--- Material provided ---
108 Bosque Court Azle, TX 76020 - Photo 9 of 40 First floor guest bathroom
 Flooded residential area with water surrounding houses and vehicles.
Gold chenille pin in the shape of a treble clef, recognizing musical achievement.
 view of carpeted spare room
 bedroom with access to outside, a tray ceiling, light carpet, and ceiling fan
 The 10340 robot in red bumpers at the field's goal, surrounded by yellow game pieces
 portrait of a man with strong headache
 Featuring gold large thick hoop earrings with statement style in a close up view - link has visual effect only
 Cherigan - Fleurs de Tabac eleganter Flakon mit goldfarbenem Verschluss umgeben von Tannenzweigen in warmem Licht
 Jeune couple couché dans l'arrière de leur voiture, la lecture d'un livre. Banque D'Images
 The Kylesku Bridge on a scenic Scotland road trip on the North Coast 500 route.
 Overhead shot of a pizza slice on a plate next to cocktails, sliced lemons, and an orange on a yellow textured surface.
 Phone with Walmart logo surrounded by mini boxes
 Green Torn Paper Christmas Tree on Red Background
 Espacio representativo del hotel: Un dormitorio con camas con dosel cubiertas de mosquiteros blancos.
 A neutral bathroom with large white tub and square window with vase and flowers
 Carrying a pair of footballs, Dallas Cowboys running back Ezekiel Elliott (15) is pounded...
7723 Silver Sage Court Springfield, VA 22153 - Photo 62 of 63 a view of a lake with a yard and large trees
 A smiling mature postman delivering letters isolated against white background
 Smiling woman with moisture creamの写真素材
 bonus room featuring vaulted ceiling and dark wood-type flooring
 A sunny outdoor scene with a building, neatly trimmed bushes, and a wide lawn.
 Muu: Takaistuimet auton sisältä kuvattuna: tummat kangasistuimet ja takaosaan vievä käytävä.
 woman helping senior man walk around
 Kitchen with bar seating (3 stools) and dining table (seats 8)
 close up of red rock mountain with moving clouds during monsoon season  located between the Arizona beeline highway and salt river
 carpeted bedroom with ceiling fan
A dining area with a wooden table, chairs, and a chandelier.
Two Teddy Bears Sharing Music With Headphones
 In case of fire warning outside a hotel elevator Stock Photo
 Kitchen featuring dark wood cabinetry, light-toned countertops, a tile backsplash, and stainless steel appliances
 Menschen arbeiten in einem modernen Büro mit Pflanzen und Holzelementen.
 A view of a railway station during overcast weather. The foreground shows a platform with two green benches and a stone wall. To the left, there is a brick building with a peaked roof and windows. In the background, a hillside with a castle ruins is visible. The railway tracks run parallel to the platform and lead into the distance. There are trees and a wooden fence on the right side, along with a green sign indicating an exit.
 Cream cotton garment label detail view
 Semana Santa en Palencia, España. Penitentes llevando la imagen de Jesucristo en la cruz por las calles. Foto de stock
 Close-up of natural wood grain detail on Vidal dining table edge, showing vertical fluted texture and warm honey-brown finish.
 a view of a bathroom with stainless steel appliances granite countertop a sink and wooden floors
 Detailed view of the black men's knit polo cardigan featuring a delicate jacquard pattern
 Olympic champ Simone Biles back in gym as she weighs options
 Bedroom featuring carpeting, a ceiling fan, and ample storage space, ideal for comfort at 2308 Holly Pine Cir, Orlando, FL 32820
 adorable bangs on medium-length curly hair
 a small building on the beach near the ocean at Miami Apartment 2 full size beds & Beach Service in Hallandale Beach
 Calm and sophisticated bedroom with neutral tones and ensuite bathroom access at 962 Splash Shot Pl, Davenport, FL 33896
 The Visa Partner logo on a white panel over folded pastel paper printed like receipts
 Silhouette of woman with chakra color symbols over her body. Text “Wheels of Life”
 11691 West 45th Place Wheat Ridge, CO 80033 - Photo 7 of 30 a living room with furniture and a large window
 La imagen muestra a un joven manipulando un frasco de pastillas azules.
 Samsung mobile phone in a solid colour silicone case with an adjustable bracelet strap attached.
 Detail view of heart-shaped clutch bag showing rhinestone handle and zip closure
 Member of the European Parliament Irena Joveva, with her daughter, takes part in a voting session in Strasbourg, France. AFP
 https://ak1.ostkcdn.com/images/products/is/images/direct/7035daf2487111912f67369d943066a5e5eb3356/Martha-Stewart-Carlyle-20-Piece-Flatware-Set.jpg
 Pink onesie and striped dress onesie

--- Requirement ---
A single figure is required: the number of lines above in which the string "showing" appears.

--- Result for this task ---
2